The area around Estoril has a motor racing history stretching back to the 1930s, when a 2.8 km street circuit was used in 1937 for a local race. The permanent circuit was completed in 1972 on elevated terrain about 9 km inland from the town of Estoril, featuring two hairpin turns, noticeable elevation changes, and a long 0.986 km start/finish straight. The original perimeter measured 4.349 km with a maximum gradient approaching 7%.
The circuit's early years were occupied mainly by national races and occasional Formula 2 events. However, the owning company was nationalised between 1975 and 1978, leaving the facility without the investment needed to maintain international standards. After a significant redevelopment effort, Estoril returned to the international calendar in 1984.
The Portuguese Grand Prix at Estoril produced some of the most memorable moments in Formula One history. In 1984, Niki Lauda clinched his third and final world championship by finishing second to McLaren teammate Alain Prost — winning the title by just half a point, the smallest margin in the championship's history. The following year, 1985, saw Ayrton Senna claim his first Formula One victory at the circuit.

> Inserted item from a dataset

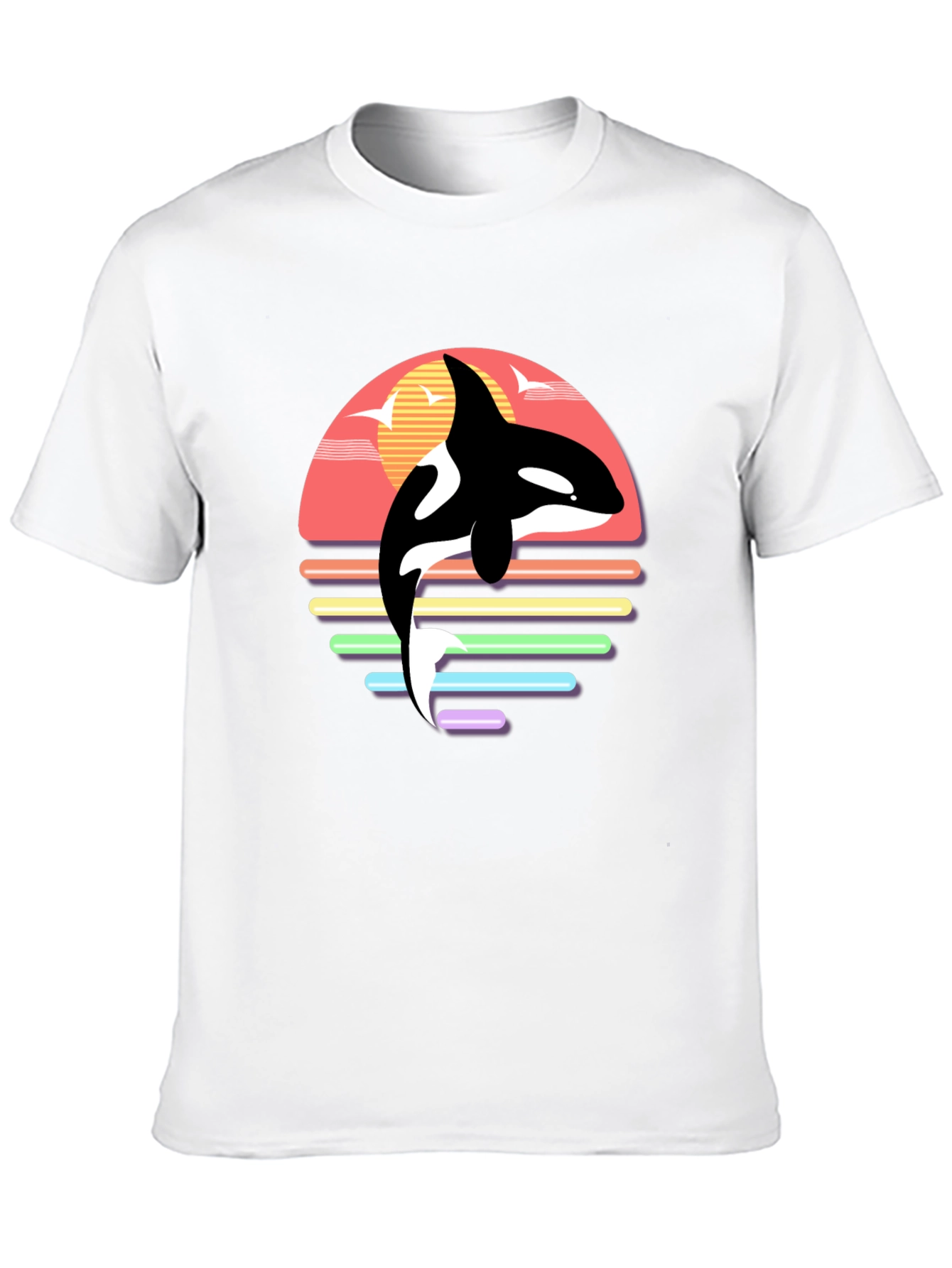 Black Retro Orca Whale Sunset Graphic T-Shirt view 10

The 1989 race is remembered for Nigel Mansell receiving a black flag for reversing in the pit lane and subsequently colliding with Senna in a confrontation that became one of the era's most notorious incidents. In 1992, Riccardo Patrese was launched nearly backward into the air after a collision with Gerhard Berger on the main straight. The final Portuguese Grand Prix at Estoril, in 1996, featured Jacques Villeneuve executing a celebrated overtake on Michael Schumacher around the outside of the final turn.
Throughout the Formula One years, the circuit faced recurring safety concerns and failed inspections on more than one occasion. Following Ayrton Senna's fatal accident at the 1994 San Marino Grand Prix, a chicane was added at Estoril, extending the layout to 4.360 km. Estoril was also valued by teams as a winter testing venue due to its relatively mild climate, though strong winds were a persistent challenge.
The circuit was dropped from the Formula One calendar for the 1997 season but continued to host top-level competition across other disciplines. Events such as the FIA GT Championship, the Deutsche Tourenwagen Masters, and the World Series by Renault kept the facility active in the years that followed. In 2000, a redesign of the parabolica turn reduced the circuit length to its current 4.182 km, allowing the venue to obtain FIM homologation for motorcycle racing.
The circuit hosted its first Portuguese motorcycle Grand Prix on 3 September 2000, an event that continued annually until 2012. In 2005, the third round of the inaugural A1 Grand Prix season was held at Estoril, with both races taken by the French team. Superleague Formula used the venue in 2008 and 2009.
The COVID-19 pandemic brought additional international events back to Estoril in 2020, including the final round of the Superbike World Championship — the circuit's first appearance in that series since 1993 — and the conclusion of the FIM Endurance World Championship season.
Estoril occupies a unique place in European motorsport as one of the handful of circuits where decisive championship moments accumulated across generations. The 1984 half-point finish between Lauda and Prost, Senna's maiden victory in 1985, and the various collisions and controversies of later years gave the circuit a character woven into the storytelling of the sport's most competitive era. Even after losing Formula One, the Autódromo Fernanda Pires da Silva has continued operating as a national and international venue, retaining its identity as one of Portugal's two historic racing facilities alongside Portimão.